We have many tiff documents stored in UCM Webcontent Content and we need to perform redaction on all of these documents. We need to replace the original file with the new redacted file so that there is no trace of the original file. First of all we need to do this as a one off exercise on all documents that are currently stored and secondly on any new documents that are automatically stored in UCM.
My questions are:
- Is this feasible with AutoVue? (I believe that it is if done manually but can this be achieved as a batch process?)
- Is this much effort (days , weeks or months)?
- Do people who has used Autovue believe that this is a valid solution?
I would be really interested to hear your opinions. I know its a very open question but would still be interested to canvas opinion.
We need to redact all credit card numbers within our TIFF documents in Webcentre Content 11g.
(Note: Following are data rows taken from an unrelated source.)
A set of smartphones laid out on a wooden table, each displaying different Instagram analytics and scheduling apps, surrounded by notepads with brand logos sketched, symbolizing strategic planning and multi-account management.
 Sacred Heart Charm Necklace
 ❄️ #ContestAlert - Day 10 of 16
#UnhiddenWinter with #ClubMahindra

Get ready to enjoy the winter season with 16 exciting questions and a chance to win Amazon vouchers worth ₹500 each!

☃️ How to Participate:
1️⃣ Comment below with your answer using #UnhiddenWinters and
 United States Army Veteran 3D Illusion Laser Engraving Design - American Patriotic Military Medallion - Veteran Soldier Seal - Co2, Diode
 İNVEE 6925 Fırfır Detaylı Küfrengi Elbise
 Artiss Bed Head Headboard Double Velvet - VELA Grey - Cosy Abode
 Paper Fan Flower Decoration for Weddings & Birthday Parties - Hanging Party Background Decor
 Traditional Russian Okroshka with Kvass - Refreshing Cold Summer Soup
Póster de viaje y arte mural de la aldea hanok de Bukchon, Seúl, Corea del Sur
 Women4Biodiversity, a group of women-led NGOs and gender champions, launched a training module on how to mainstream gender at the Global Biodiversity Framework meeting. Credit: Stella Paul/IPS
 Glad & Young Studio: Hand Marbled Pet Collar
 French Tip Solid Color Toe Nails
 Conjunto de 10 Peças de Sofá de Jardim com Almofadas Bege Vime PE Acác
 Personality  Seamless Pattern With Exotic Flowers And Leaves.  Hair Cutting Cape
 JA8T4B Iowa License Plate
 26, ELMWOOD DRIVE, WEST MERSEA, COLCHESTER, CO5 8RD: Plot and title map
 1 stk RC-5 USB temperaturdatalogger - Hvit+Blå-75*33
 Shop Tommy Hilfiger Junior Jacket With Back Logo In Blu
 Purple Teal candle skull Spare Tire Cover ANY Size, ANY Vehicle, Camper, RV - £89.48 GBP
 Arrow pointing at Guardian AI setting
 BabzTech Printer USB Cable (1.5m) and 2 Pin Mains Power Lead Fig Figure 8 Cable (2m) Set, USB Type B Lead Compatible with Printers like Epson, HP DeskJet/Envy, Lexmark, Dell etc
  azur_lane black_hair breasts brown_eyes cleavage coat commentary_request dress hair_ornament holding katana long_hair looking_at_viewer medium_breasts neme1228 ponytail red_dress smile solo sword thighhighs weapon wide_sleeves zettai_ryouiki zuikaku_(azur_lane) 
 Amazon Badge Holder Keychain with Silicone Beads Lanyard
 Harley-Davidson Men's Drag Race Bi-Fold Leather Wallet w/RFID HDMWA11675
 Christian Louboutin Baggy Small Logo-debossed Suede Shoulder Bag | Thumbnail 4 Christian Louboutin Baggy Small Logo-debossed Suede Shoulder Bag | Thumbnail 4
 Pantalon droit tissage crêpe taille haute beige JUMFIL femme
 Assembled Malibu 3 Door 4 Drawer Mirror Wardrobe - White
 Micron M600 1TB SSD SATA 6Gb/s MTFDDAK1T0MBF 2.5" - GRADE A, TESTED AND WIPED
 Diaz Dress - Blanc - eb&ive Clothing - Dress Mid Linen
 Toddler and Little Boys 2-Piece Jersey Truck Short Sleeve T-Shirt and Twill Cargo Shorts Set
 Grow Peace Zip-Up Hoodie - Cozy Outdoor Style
We have a few million scanned documents that are stored as tiffs although not all of these contain credit card details. We are only concerned with obscuring the 16 digit credit card number but all of these are handwritten. To further complicate things there is no standard form used meaning that these details could appear on any part of the scanned image.
We first need to identify that a 16 digit number exists on the document and then redact that data.
Yes, we do have customers that are using AutoVue to redact documents.
Have you read: https://blogs.oracle.com/enterprisevisualization/entry/redaction_in_autovue
Most of our batch redaction is done in the following way:
1) Search the document for the required text.
2) Get the bounding rectangle of the found text.
3) Construct a Rectangle Markup Entity with the same coordinates (to hide the underlying text).
4) Convert the document with the opaque markup to TIFF.
The problem with your situation is that you have TIFF images or your documents. These documents do not contain any searchable text.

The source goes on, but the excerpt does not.